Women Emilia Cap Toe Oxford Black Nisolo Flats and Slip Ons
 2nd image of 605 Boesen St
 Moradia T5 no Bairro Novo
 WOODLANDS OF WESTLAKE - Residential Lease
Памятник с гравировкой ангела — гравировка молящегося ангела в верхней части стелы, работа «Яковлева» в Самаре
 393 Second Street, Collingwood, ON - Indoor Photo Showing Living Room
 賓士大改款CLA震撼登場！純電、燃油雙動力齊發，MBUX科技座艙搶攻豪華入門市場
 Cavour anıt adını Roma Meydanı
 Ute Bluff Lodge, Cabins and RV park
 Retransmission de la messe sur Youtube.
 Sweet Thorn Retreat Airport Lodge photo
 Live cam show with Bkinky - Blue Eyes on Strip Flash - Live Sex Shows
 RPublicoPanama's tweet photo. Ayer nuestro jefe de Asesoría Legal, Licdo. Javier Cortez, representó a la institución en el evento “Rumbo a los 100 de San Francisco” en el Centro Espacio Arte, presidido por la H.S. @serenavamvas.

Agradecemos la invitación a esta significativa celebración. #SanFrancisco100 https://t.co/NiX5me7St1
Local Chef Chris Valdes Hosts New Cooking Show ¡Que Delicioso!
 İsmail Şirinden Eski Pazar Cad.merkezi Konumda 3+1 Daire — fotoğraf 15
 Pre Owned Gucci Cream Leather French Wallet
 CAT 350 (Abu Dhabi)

* REQUIRED WORK: Find each line in the listing above that contains "Lodge", and copy that line.

* ANSWER TO THE PROBLEM:
 Ute Bluff Lodge, Cabins and RV park
 Sweet Thorn Retreat Airport Lodge photo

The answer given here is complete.